The writer is very fast, professional and responded to the review request fast also. Thank you.
Module 1:
Probability
Basic Concepts of Probability
In considering probability, we deal with procedures (such as taking a polygraph test, rolling a die, answering a multiple-choice test question, or undergoing a test for drug use) that produce outcomes.
An
event is any collection of results or outcomes of a procedure.
A
simple event is an outcome or an event that cannot be further broken down into simpler components.
The
sample space for a procedure consists of all possible simple events.
A
compound event is any event combining two or more simple events.
Example: Birth of baby (f: female baby and m: male baby)
Procedure |
Example of Event |
Complete Sample Space |
Single birth |
1 female (simple event) |
{f, m} |
2 births |
ff, mm, fm, mf |
{ff, mm, fm, mf} |
Notation for Probabilities:
Notation for Probabilities P denotes a probability.
A, and B denote specific events.
P(A) denotes the probability of event A occurring.
· Relative Frequency Approach:
P(A)= number of times A occurred/number of times the trial was repeated
· The Classical Approach:
P(A) = number of ways A can occur/number of distinct elements in the sample space
· Subjective Probability:
knowledge and experience from similar circumstances are used to predict the probability
· Properties of Probability:
1.
1.
1. P (an impossible event) = 0
2. P (a sure event) = 1
3. 0 ≤ P(E) ≤ 1
Example: Genotypes when studying the affect of heredity on height, we can express each individual genotype, AA, Aa, aA, and aa, on an index card and shuffle the four cards and randomly select one of them. What is the probability that we select a genotype in which the two components are different?

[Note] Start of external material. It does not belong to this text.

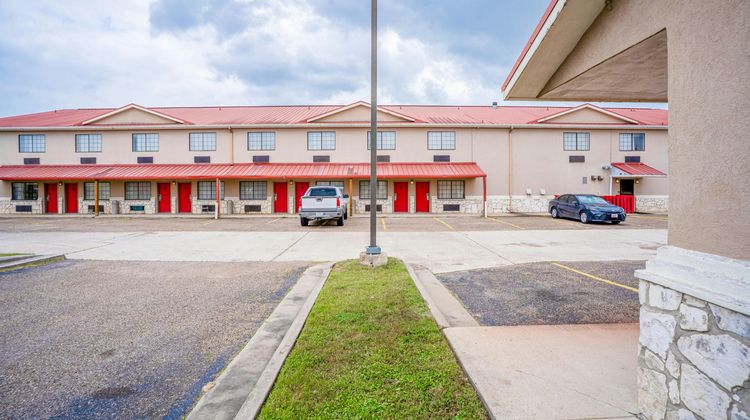 Days Inn & Suites by Wyndham Beeville Other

The sample space (AA, Aa, aA, aa) in this case includes equally likely outcomes. Among the 4 outcomes, there are exactly 2 in which the two components are different: Aa and aA. We can use the classical approach to get
P (outcome with different components) = 24 = 0.5
Summary of Key Probability Rules
Case |
Probability |
Observations |
Special Addition Rule |
P(A or B) = P(A) + P(B) |
A and B are mutually exclusive |
General Addition Rule |
P(A or B) = P(A) + P(B) – P(A and B) |
Always true |
Special Multiplication Rule |
P(A and B) = P(A) x P(B) |
Only if A and B are independent |
General Multiplication Rule |
P(A and B) = P(A) x P(B/A) |
Always true |
Conditional Probability |
P(B/A) = P(A and B) / P(A) |
· A and B are mutually exclusive if they cannot occur simultaneously.
· A and B are independent events if the occurrence of one does not change the probability that the other occurs.
Examples:
The following table shows the results from experiments with polygraph instruments:
Test Result |
The subject did not lie (No) |
The subject lied (Yes) |
Positive test result(subject lied) |
15 (false positive) |
42 (true positive) |
Negative test result(subject did not lie) |
32 (true negative) |
9 (false negative) |
a. If 1 subject is randomly probability of selecting a subject who had a positive test result or lied.
From the table we see that there are 66 subjects who had a positive test result or lied. We obtain that total of 66 by adding the subjects who tested positive to the subjects who lied, being careful to count everyone only once (15 + 42 + 9 = 66).
Dividing the total of 66 by the overall total of 98, we get: 66/98 or 0.673.
b. Assuming that 1 subject is randomly selected from the 98 that were tested, find the probability of selecting a subject who had a negative test result or did not lie.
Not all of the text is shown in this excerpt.